The company says by securing a loan against personal property, like a car, lending on the platform will be safer and borrowers’ rates can be lower.

“Secured loans are a vital market for banks and our move into the product offering signifies the potential for RateSetter and P2P lending to have a real impact on the banking sector as a whole,” RateSetter CEO Daniel Foggo says.

“RateSetter pioneered the concept of the Provision Fund to help protect lenders against the effect of borrower late payment or default. Now we’re able to provide additional reassurance to lenders by facilitating loans that are backed by an asset that may be recovered should the need arise.

“There will also be significant financial benefits for creditworthy borrowers who will be able to access an even better deal with a RateSetter secured loan.”

P2P lending is just one area tech platforms are attempting to disrupt traditional financial services.

“We believe RateSetter’s move into secured lending is a signal that fintech in Australia is now getting serious – taking on the core segment of bank profits, not just nibbling around the edges,” Foggo says.

RateSetter will focus on the automotive loan market to begin with and has partnered with car finance broker Stratton which is majority owned by Carsales also owns a 20% equity stake in RateSetter.

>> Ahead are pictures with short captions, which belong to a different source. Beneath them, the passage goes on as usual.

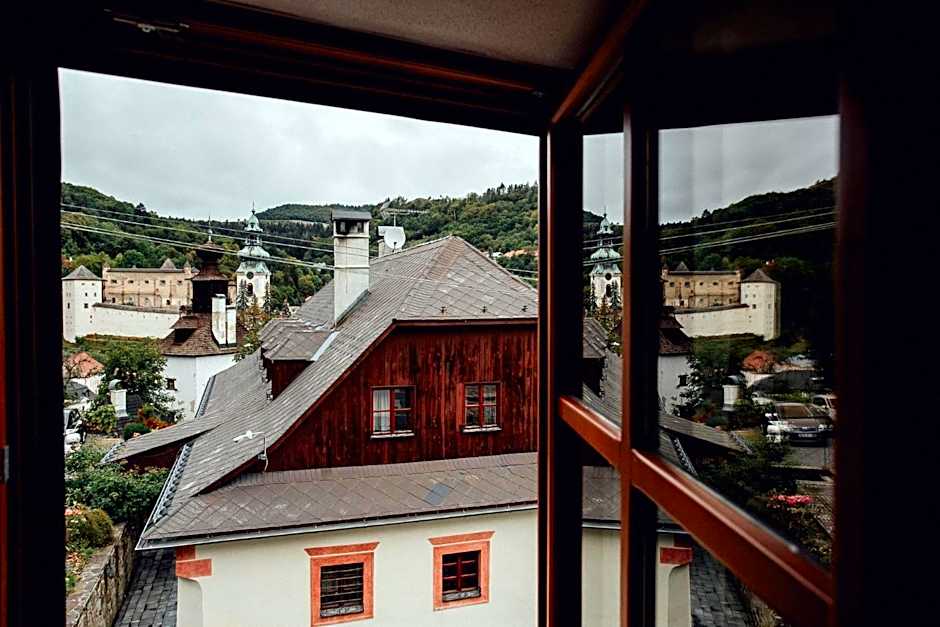 Resla Residence I, II, & Wellness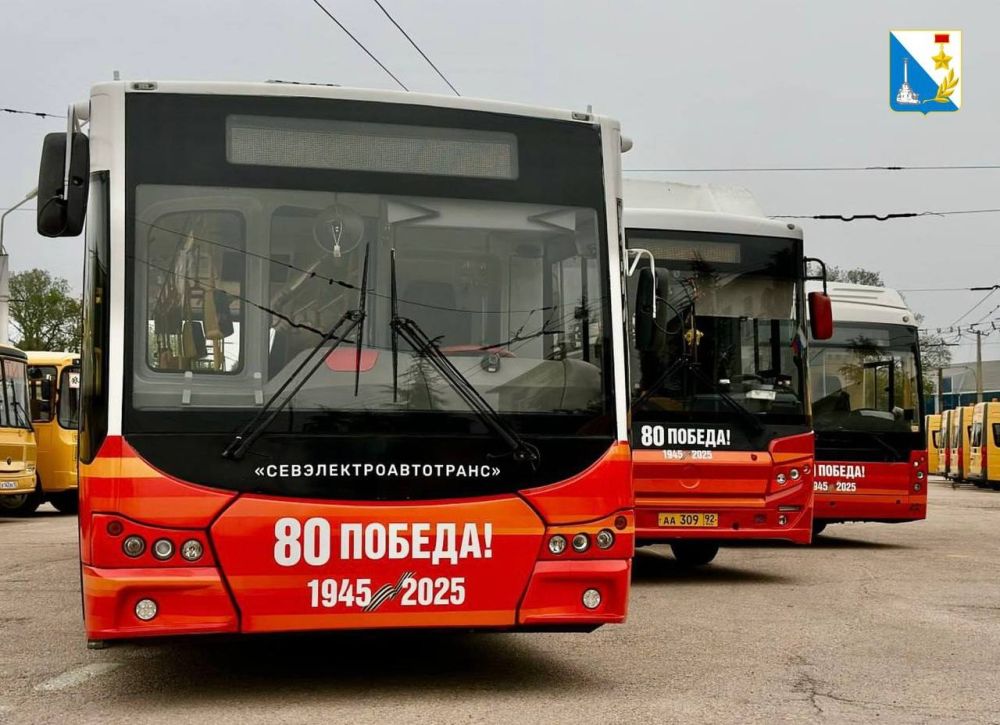 В Севастополе на маршруты вышли празднично оформленные троллейбусы
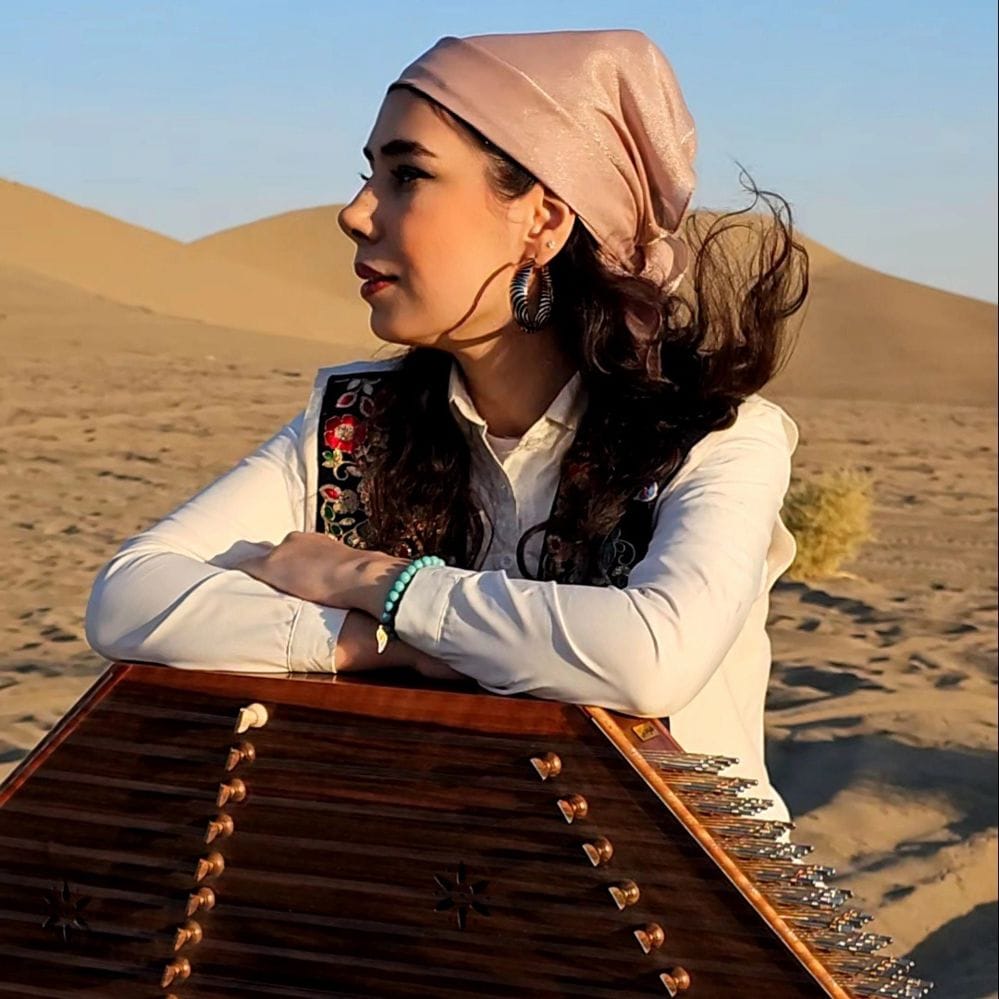 شیما صادقی 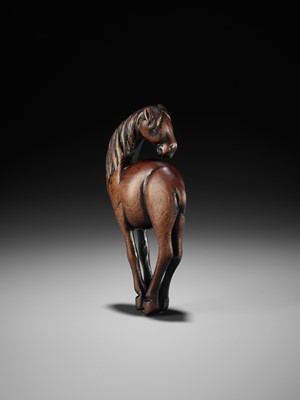 Lot 11 - A SUPERB AND LARGE WOOD NETSUKE OF A HORSE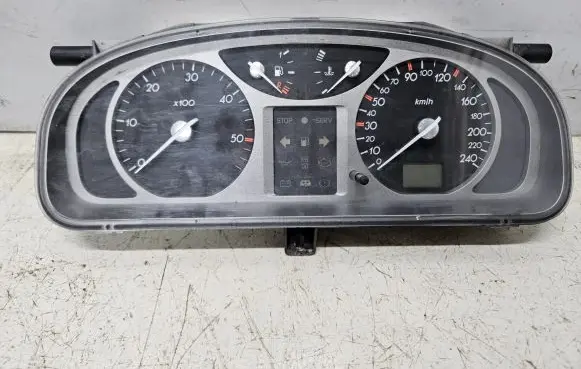 Renault Laguna II Speedometer (instrument cluster) 8200218878 7L1CA372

“The partnership with Stratton was a natural progression for us following our entry into secured loans and will help us to target the $40 billion automotive loans market,” Foggo says.

LinkedIn just surveyed 802 Australian millennials to figure out what they want in credit, loans and money matters. The results show those with assets of $100,000 or more are open to approaches by non-bank lenders.

More than half (52%) would try products from a non-financial brand and one in four (25%) say banks are unlikely to be their primary institution.

It’s this generational shift which P2P lenders like RateSetter are looking at capitalising on.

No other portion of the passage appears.